By Victoria Mas

I would classify The Mad Women’s Ball as Literary Fiction, but it’s also historical. There are some real figures from Paris at the time within the novel, and the Salpêtrière hospital (asylum) did exist, and its history is at least as dark as what is told to us in the pages of this story. The elapsed time within this story is a matter of weeks – not counting the epilogue.
We follow two main characters. The first, Geneviève, is a senior nurse at the hospital and she worships Doctor Charcot and fully believes in the work he is doing at the hospital and that he (and by extension, she) is helping these women. Her view is very much one of the time, and yet there are the odd rather perceptive observations, even if she doesn’t follow through with the logic of these to their real meaning.
This hospital unsettles all those who enter its walls, especially a man who has come to commit his daughter, or his wife, or his mother. Geneviève has lost count of the men she has seen sitting in this same chair: labourers, florists, teachers, chemists, merchants, fathers, brothers, husbands – but for their initiative, the Salpêtrière would doubtless be less populous. Granted, women sometimes bring other women here – mothers, though more often mothers-in-law, sometimes aunts, but the majority of the patients have been committed by the men whose name they share. It is the most wretched fate: without a husband, a father, there is no support – and no consideration for their existence.

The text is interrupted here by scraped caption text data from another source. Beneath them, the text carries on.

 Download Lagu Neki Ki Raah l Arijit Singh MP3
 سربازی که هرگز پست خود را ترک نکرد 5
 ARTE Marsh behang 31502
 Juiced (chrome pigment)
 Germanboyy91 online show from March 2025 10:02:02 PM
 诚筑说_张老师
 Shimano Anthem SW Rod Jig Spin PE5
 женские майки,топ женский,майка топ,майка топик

The second, is Eugénie, an independent thinking woman who has no trouble voicing her opinion.
Eugénie glances up at her father.
“When you talk about an intelligent youth, you are referring to both boys and girls, are you not, Papa?”

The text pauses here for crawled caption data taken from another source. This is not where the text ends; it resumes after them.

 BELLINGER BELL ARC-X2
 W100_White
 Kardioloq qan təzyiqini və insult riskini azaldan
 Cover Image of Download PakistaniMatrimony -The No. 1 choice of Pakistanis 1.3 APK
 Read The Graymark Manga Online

“As I have already told you, a woman’s place is not in the public domain.”
“How sad to imagine a Paris composed only of men.”
“Hush, Eugénie.”
“Men are too serious; they don’t know how to have fun. Women know how to be serious, but we also know how to laugh.”
“Do not contradict me.”
“I am not contradicting you, we are having a debate. Which is precisely what you are encouraging Théophile and his friends to do tomorrow -“
Which is of course how she ends up in the Salpêtrière, although the fact that she sees ghosts is used as the excuse.
While there are some women in the Salpêtrière who do need help, the majority seem to be there because of PTSD reactions to sexual assaults, or being too much trouble to male relations, or being a young widow who didn’t grieve their dead husband in the way their mother-in-law expected. The way they are treated by the doctors is horrifying, made even more so by Geneviève comment that it has been much better since the arrival of Doctor Charcot.
Knowing the stories of all of the women in the asylum, while fiction, could be based on true historical figures engendered an anger in me. As it probably will for most women reading it.
So while the core of the story is the tale of how Geneviève and Eugénie cross paths at the asylum and how they help each other, there is so much more in the pages of this book. I have a lot of thoughts on what I read, but I can’t share them here without telling you of events in the book that you should read for yourself.
It was an uncomfortable read. But a very good one, and one I would recommend.